Looking back now, I can say this with complete honesty:
I made it a mess!
Complicated.
Intense.
Too much of everything.
Not because I didn’t care or didn’t know the game — I cared too much.
That was the problem.
I mistook passion for wisdom.
And passion, when it’s unfiltered, can make you blind.
Back then, being a “good coach” meant proving myself every minute:
– Teach them everything I knew
– Push until they broke or got better
– Install schemes meant for teams far more polished
– Demand intensity like we were prepping for Memorial Day weekend
– Pretend every practice was a championship dress rehearsal
But here’s the thing they don’t tell you in the coaching brochures:
Good coaching isn’t showing how much you know.
It’s reading the room.
It’s understanding what your players need — not what you wish they needed, not what you needed at their age, not what the perfect imaginary team in your head would respond to.

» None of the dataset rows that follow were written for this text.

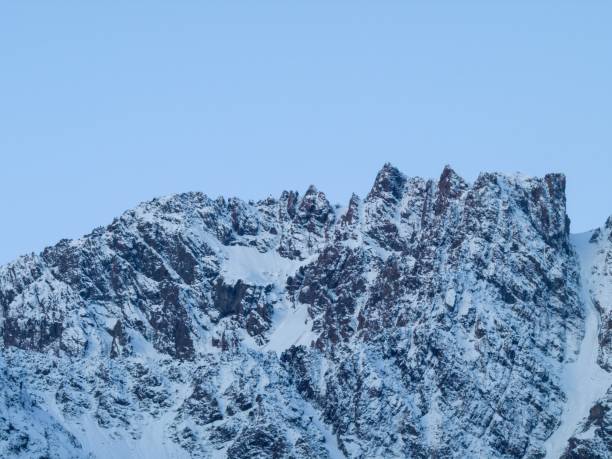 istock Blue Southern Alps 1391594592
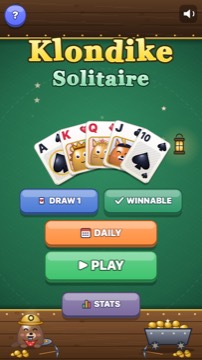 Solitario Klondike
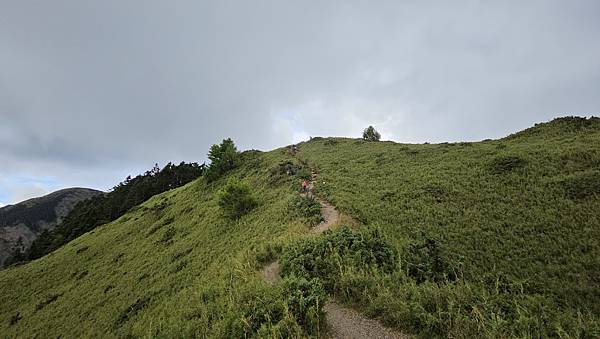 【合歡北西北】睽違2年再次挑戰，合歡群峰中路程最遠、最艱難、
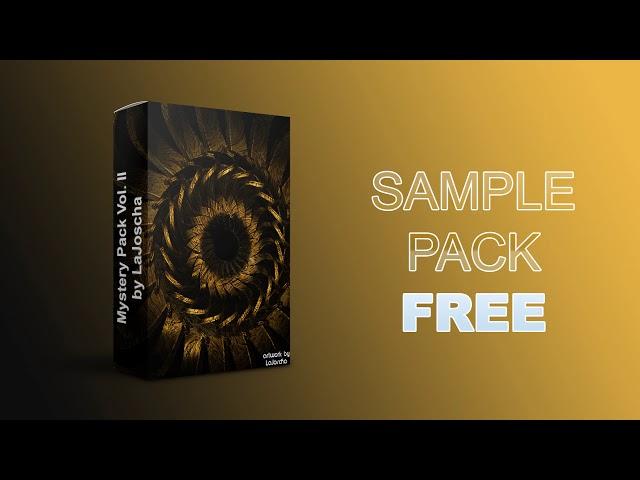 [FREE] 30+ CUBEATZ STYLE SAMPLES "MYSTERY PACK VOL. II"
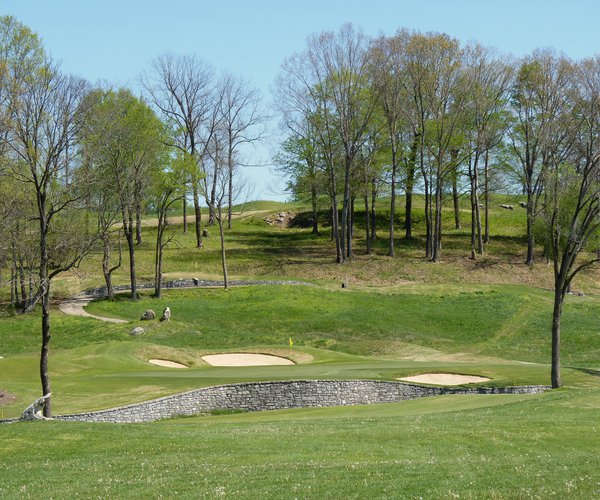 Photo of GreyStone Golf Club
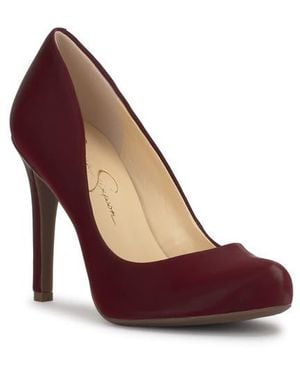 Jessica Simpson Cali Pump - Purple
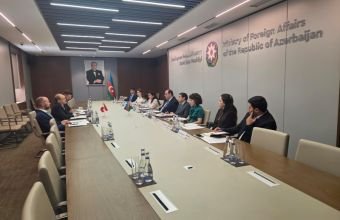 Azərbaycanla Avstriya arasında ilk konsulluq məsləhətləşmələri keçirilib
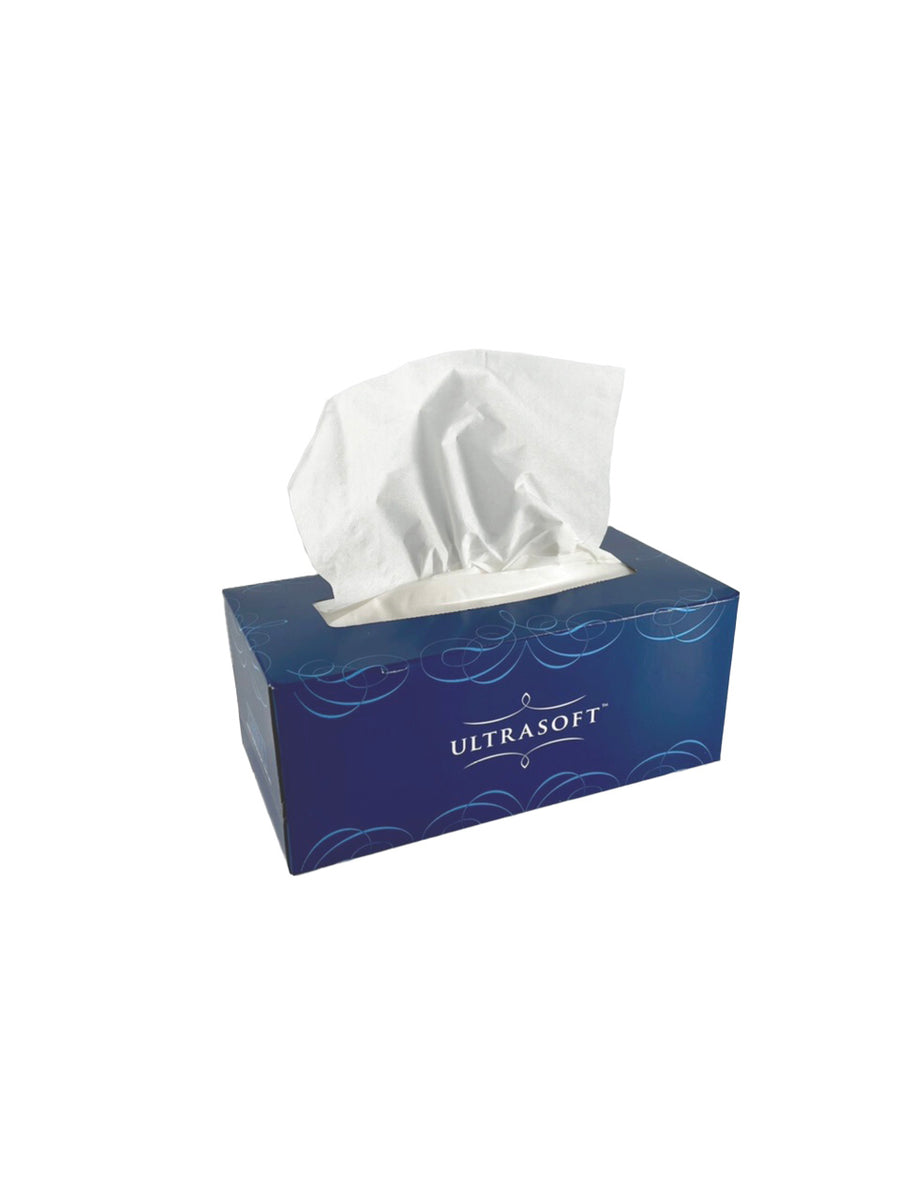 Ultrasoft Facial Tissue 200 sheet – Pack-Mart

With NYU, that realization hit me like a brick.
These guys weren’t me.
They weren’t NCAA athletes grinding for glory.
They were students in the chaos of New York City — brilliant, ambitious, stretched thin, and playing lacrosse because they loved it… not because it was the center of their universe.
And those differences mattered.
Every coaching stop after that drove the point home:
A middle school in Beverly Hills.
A high school rooted in religious Judaism.

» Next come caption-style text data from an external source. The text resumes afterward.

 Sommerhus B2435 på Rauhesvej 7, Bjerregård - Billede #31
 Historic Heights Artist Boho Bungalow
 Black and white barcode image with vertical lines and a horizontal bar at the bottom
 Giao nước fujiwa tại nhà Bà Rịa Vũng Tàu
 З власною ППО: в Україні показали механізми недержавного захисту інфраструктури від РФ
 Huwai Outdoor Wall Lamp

A national team in a Latin American country.
Even a competitive high school program that most resembled my own past.
Different places.
Different cultures.
Different kids.
Different battles.
And every time, the same truth stared back at me:
They are not me.
So I stopped talking about my own background.
It didn’t matter.
What mattered was whether I could adapt — whether I could take the knowledge I’d gathered, break it down, reshape it, and deliver it in a way that fit their world, not mine.
People talk about lacrosse IQ like it’s understanding the nuances of your home system.
Sure. Fine.
But the deeper truth is much uglier and far more honest:
Real coaching is being able to move pieces without losing the people attached to them.
Simplify.
Adjust.
Strip away the ego.
Coach the team in front of you, not the ghost of the team you wish you had.

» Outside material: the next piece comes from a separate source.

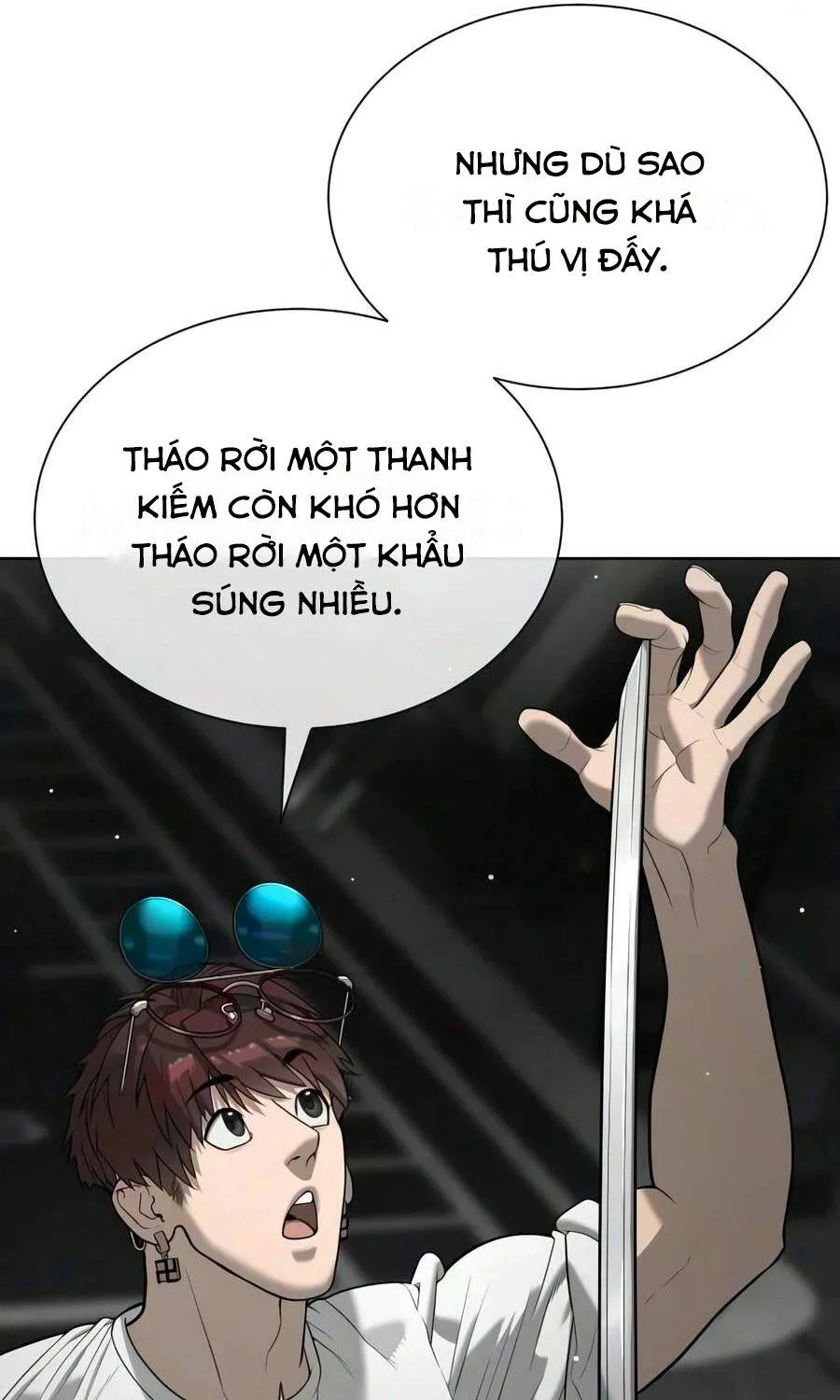 Sát Thủ Peter Tập 137 trang 117
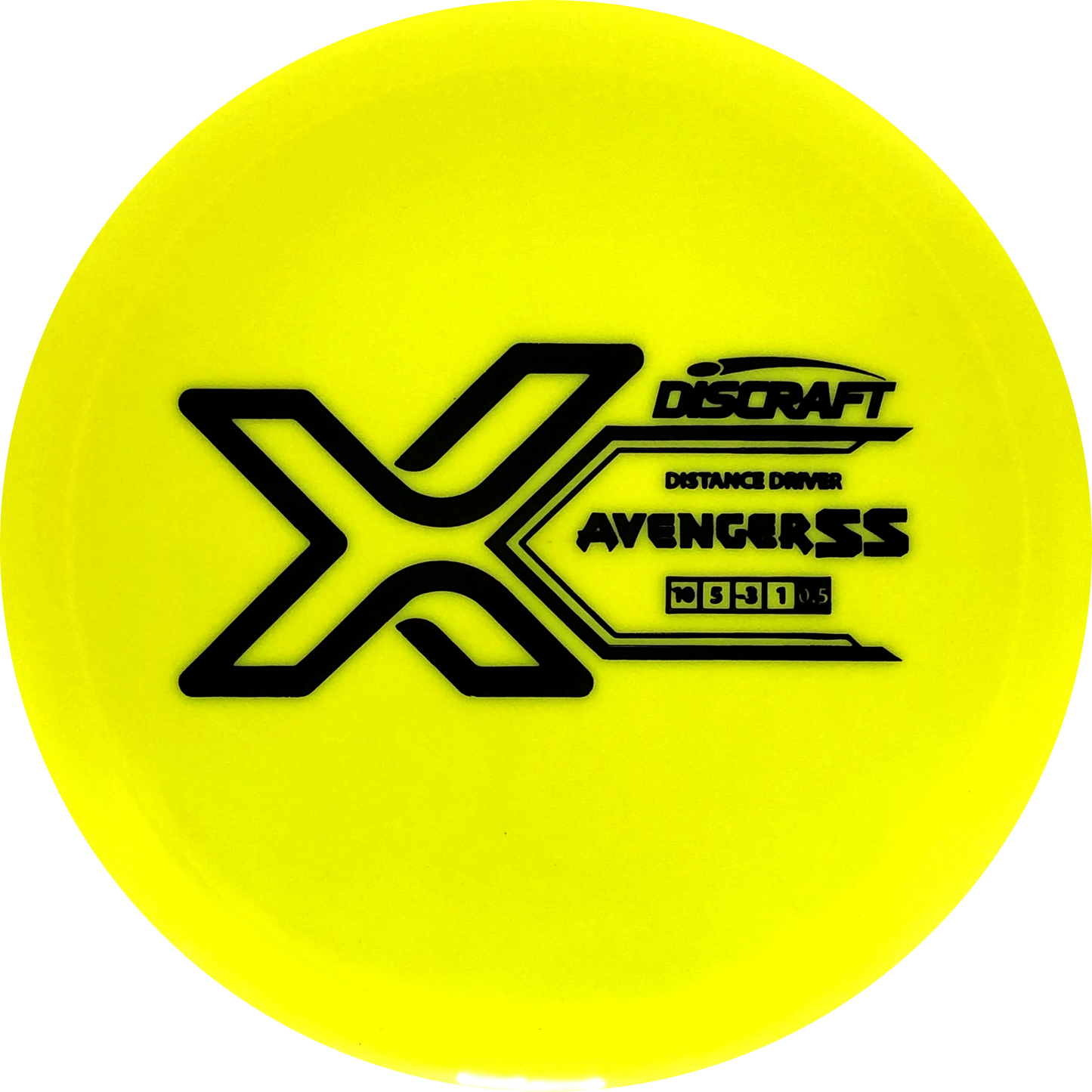 X Line Avenger SS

Two decades later, I still think about that first season and all the moments where I wish someone had pulled me aside and said, “Relax. Slow down. These kids need a coach, not a visionary general staging a Broadway show.”
So I put together something for the brand-new coaches — the young ones hungry to prove themselves and the older ones stepping into leadership with a lifetime of life experience but zero reps with a whistle.
Will the younger coaches listen?
Maybe. Maybe not.
You can’t force-feed wisdom. You can only offer it.
But I remember that feeling:
Passionate.
Eager.
Overcommitted.
Overwhelmed.
And quietly wondering, every night, if I was screwing it all up.
If that’s you… you’re not alone.
What I break down is everything I wish someone had handed me back then:
– how to decide what to teach and what to leave the hell alone
– why simple, clean execution beats flashy chaos every time
– how to read the temperature of a team
– how to earn trust before asking for fire
– how to talk so players actually hear you
– why culture comes before the playbook
– and the mindset that turns young coaches into real ones
Twenty-five years of mistakes, small victories, growing pains, and perspective — boiled down and offered up.
Because passion is rocket fuel.
But wisdom?
Wisdom is earned.
One season. One screw-up. One breakthrough at a time.
And if I can pass even a little of that along…
Why wouldn’t I?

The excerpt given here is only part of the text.